_SUPPLIED INFORMATION_

○ ○ ○ ○

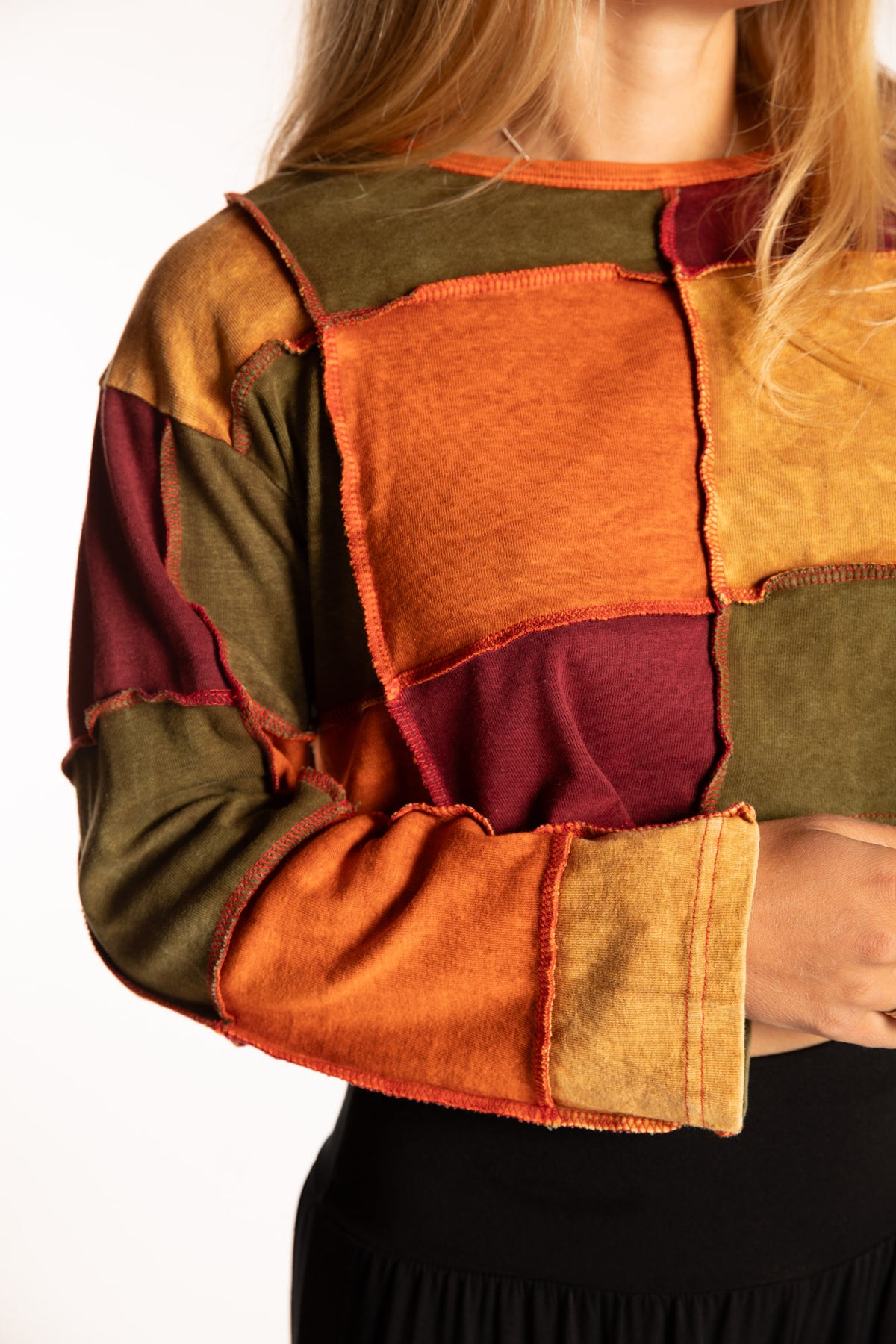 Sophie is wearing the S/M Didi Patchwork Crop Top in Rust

○ ○ ○ ○

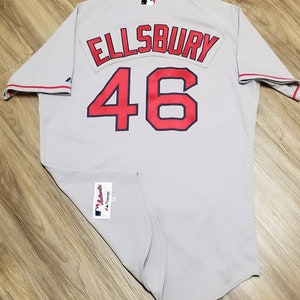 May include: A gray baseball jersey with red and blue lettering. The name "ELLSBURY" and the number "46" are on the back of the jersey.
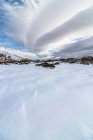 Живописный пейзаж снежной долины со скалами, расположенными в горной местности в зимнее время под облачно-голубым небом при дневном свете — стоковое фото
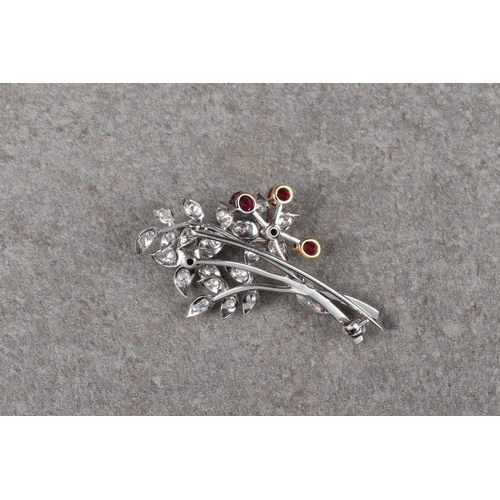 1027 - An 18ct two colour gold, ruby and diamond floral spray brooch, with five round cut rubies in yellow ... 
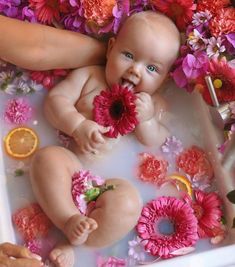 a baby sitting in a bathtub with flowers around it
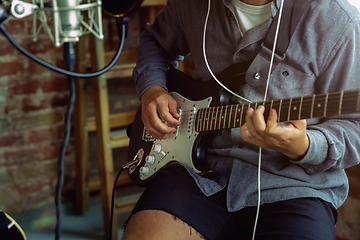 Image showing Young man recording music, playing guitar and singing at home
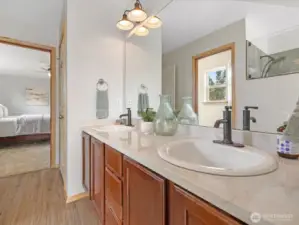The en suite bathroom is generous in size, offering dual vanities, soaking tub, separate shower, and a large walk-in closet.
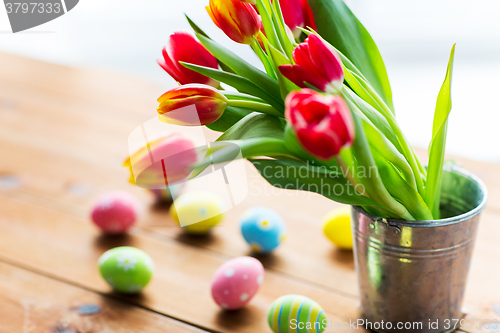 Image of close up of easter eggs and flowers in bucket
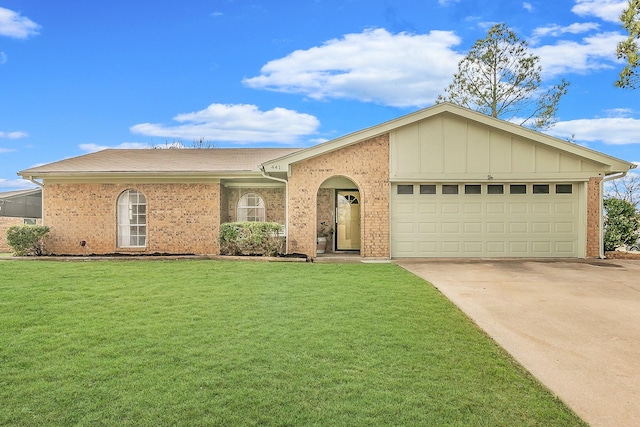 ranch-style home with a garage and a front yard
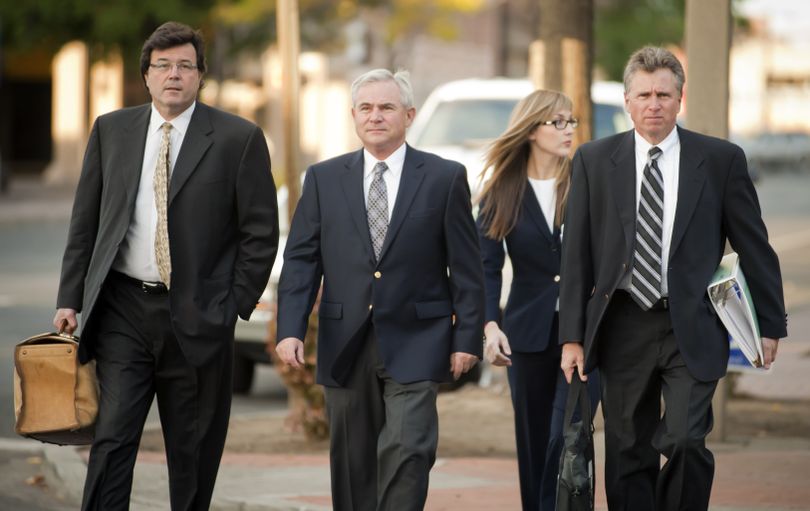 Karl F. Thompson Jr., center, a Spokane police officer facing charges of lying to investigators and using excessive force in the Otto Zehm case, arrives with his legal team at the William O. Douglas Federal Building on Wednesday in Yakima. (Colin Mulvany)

○ ○ ○ ○

_EXERCISE DESCRIPTION_
Starting at the line above that holds "May include: A", repeat every line exactly down to and including the line that holds "1027 - An 18ct", then stop. Do not carry over any pictures.

_SOLVED PROBLEM_
 May include: A gray baseball jersey with red and blue lettering. The name "ELLSBURY" and the number "46" are on the back of the jersey.
 Живописный пейзаж снежной долины со скалами, расположенными в горной местности в зимнее время под облачно-голубым небом при дневном свете — стоковое фото
 1027 - An 18ct two colour gold, ruby and diamond floral spray brooch, with five round cut rubies in yellow ... 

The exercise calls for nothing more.